## Task instructions:
Your output must consist of the records printed verbatim, with the pictures excluded.

§ §

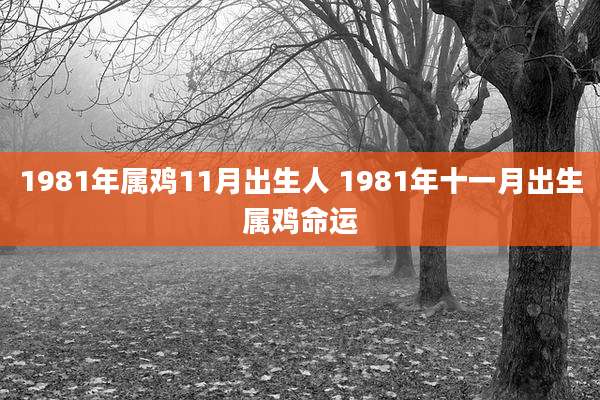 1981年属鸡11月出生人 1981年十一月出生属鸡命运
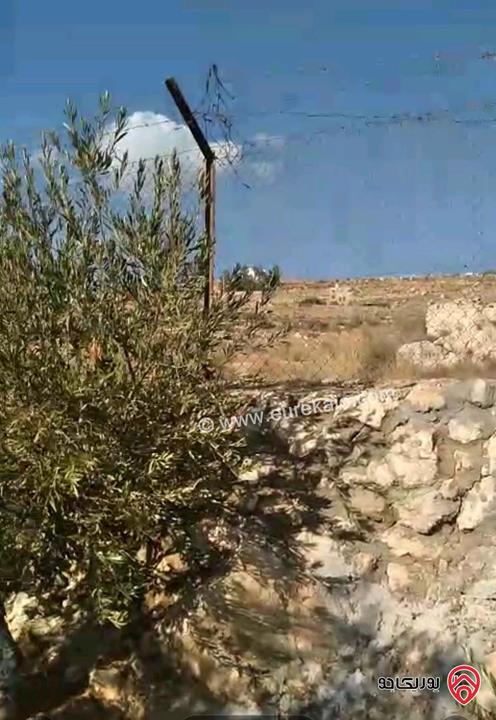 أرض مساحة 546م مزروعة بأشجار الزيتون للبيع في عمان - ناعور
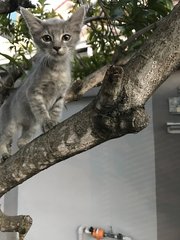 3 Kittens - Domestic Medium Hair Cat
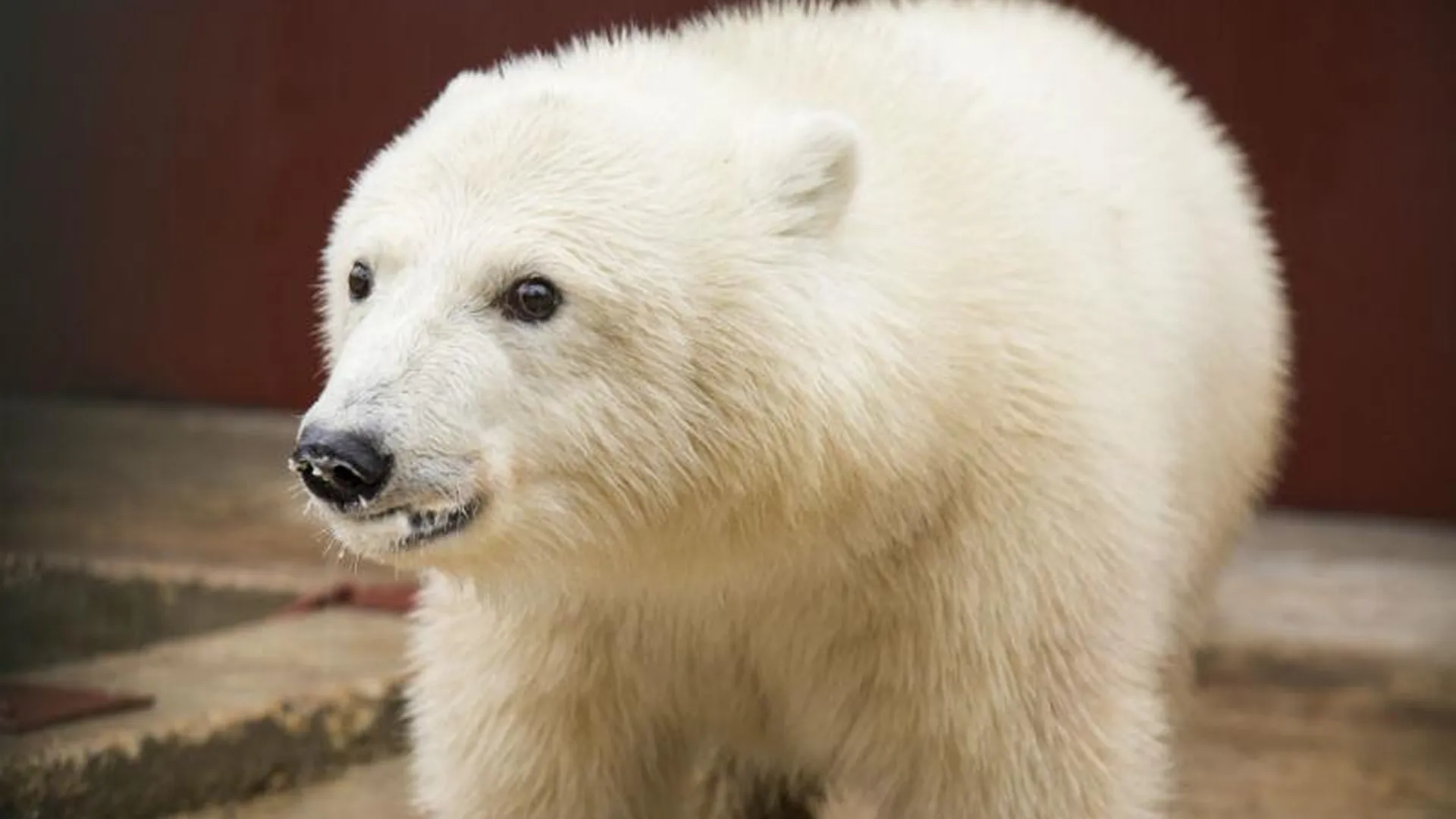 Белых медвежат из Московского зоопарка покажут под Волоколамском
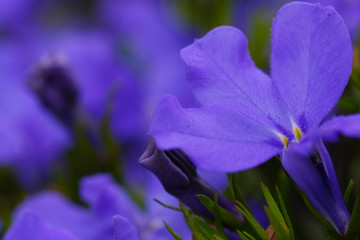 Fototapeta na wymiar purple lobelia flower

§ §

## The answer:
 1981年属鸡11月出生人 1981年十一月出生属鸡命运
 أرض مساحة 546م مزروعة بأشجار الزيتون للبيع في عمان - ناعور
 3 Kittens - Domestic Medium Hair Cat
 Белых медвежат из Московского зоопарка покажут под Волоколамском
 Fototapeta na wymiar purple lobelia flower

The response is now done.